May 24, 2005 19:55
New layout. Whoo hoo.
I was looking back over my entries just now, and I began thinking about things. Nothing in my life seems to want to go right this year. No matter how hard you try, you can't make better. And I tried, I really did. I tried acting like I usually do, like I did last year, and I guess it worked for the kids at school and for my parents. But I can't fool myself. I'm still unhappy. I'm not sure when I will be. I mean, come on, my life isn't just going to be me going through the day smiling and nodding to make everyone else think I'm fine. Because sometimes I'm not. Sometimes I just want to walk away in the middle of a conversation and go find some place to sleep in, where I don't have to listen to the consistant ramblings of people that don't actually know what they're talking about.

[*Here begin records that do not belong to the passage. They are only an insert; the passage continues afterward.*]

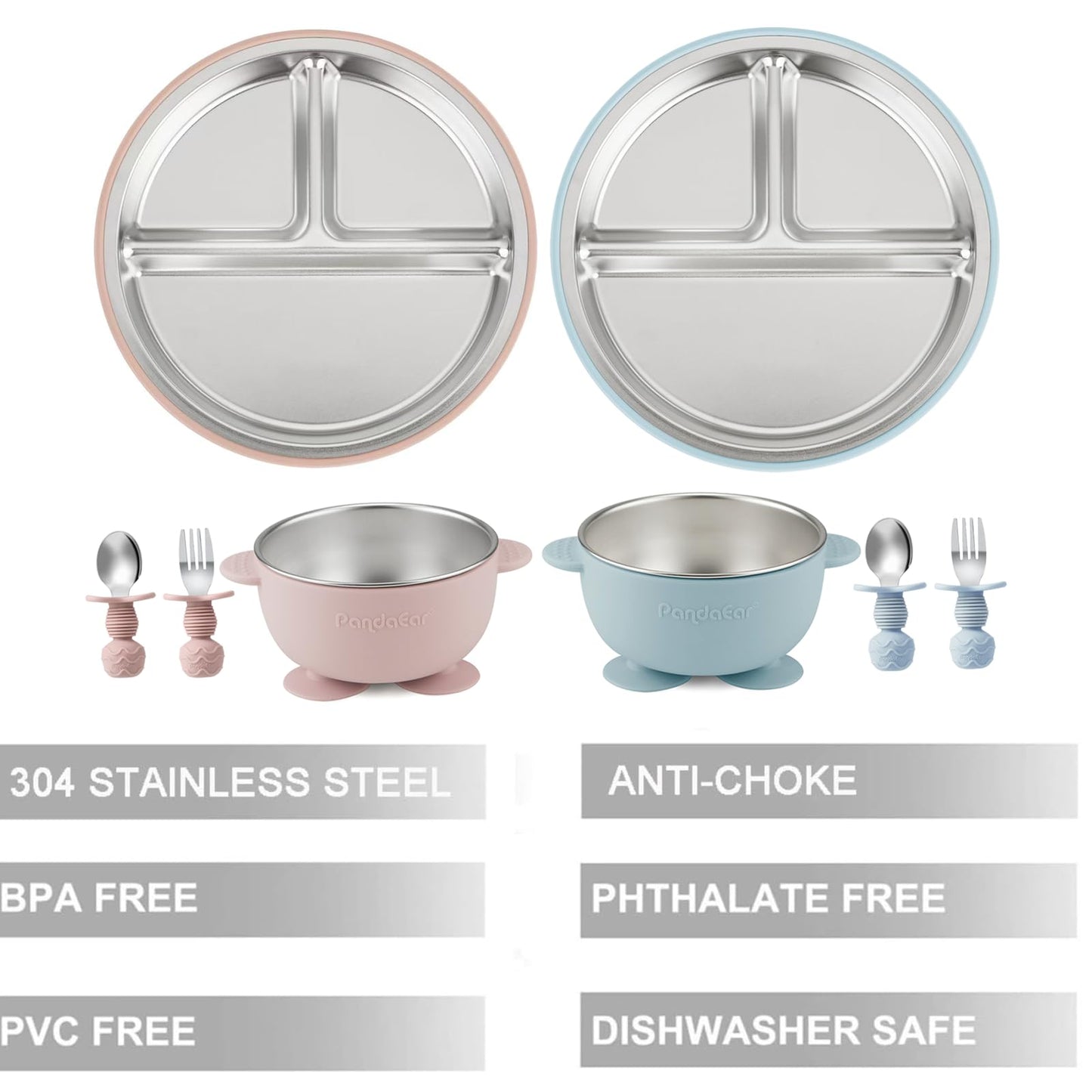 PandaEar 8PCS Baby Feeding Set | Stainless Steel Suction Plates and Bowls with Silicone Fork and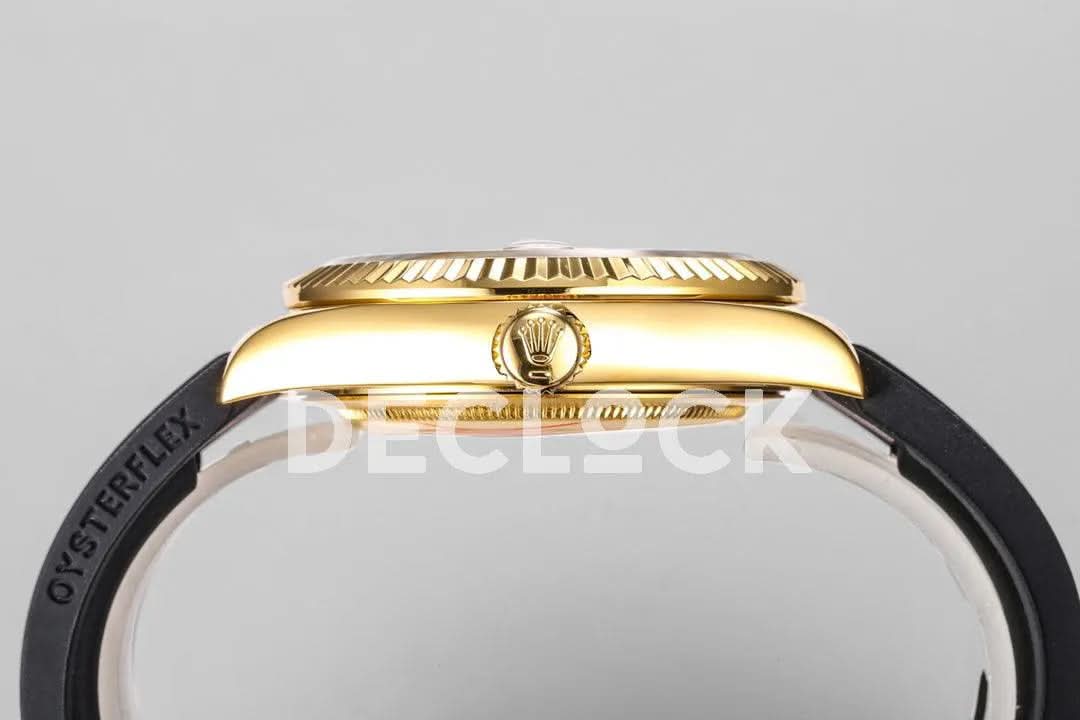 Replica Rolex Sky Dweller Yellow Gold in Gold Dial on Black Rubber Strap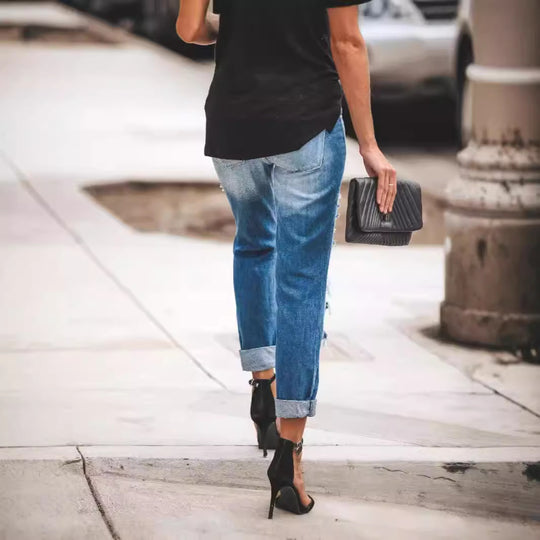 Damen Ripped Boyfriend Jeans mit lässigem Schnitt und fransigen Elementen Heidi-Mode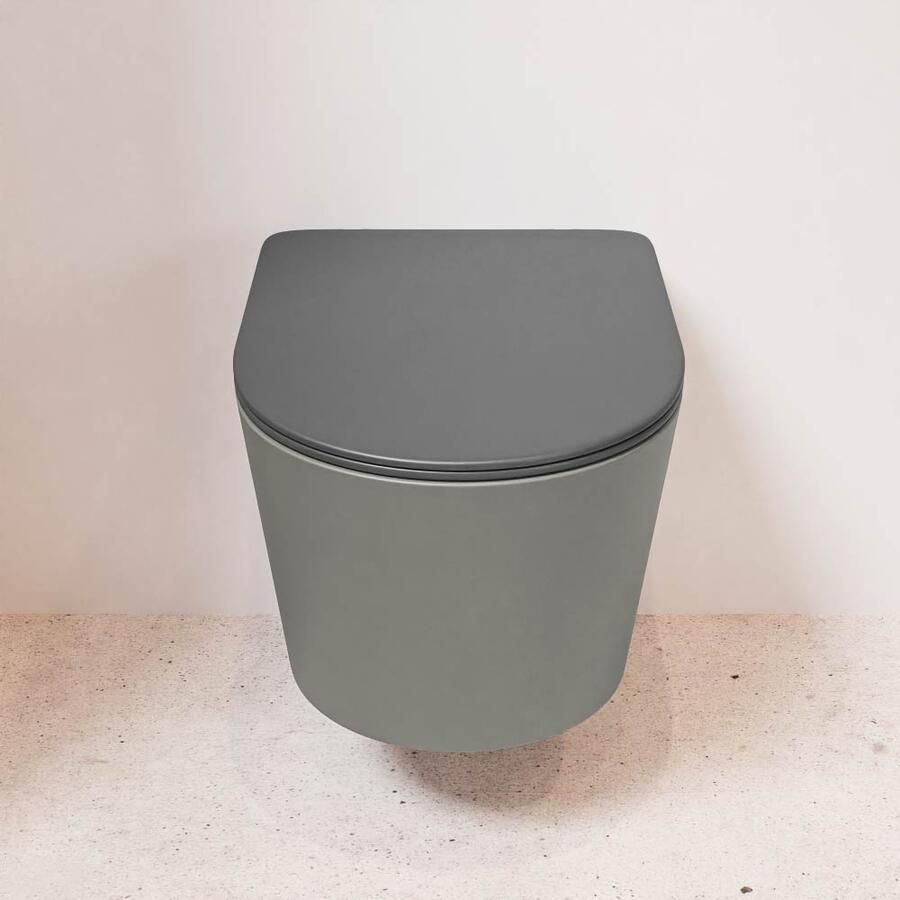 Mondiaz Wandcloset Lavie | Zonder spoelrand | Incl.Toiletzitting-Dark Grey | Keramiek | Smoke (grijs) - Foto 1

I've finally gotten to Illinois, where I'm going to be staying until sometime in July so I can spend time with my mom. I actually didn't want to come. It's not that I don't love her or anything (I do, and that's the only reason why I came). I just didn't want to leave my familiar little house to come to a home that I used to live in and now feels so foreign to me. And I didn't want to go back to those people that made me so miserable for the first 15 years of my life. They suck. =(
There's really nothing I can do now. I didn't want to hurt mom's feelings (because she's stupid enough to think that if I say no to her, that I don't love her anymore). But now I have nothing to do but play on the computer, and then everyone complains that I'm spending too much time on it. I just want to scream at them. I was to tell them that it's their fault for not asking me to do stuff with them. If there's nothing else to do, I'm not getting off of this computer. It keeps me occupied so that I don't have to think about how much it sucks to be here.
Well, the computer seems to be the only good part of this trip so far. God, I suck so much at life.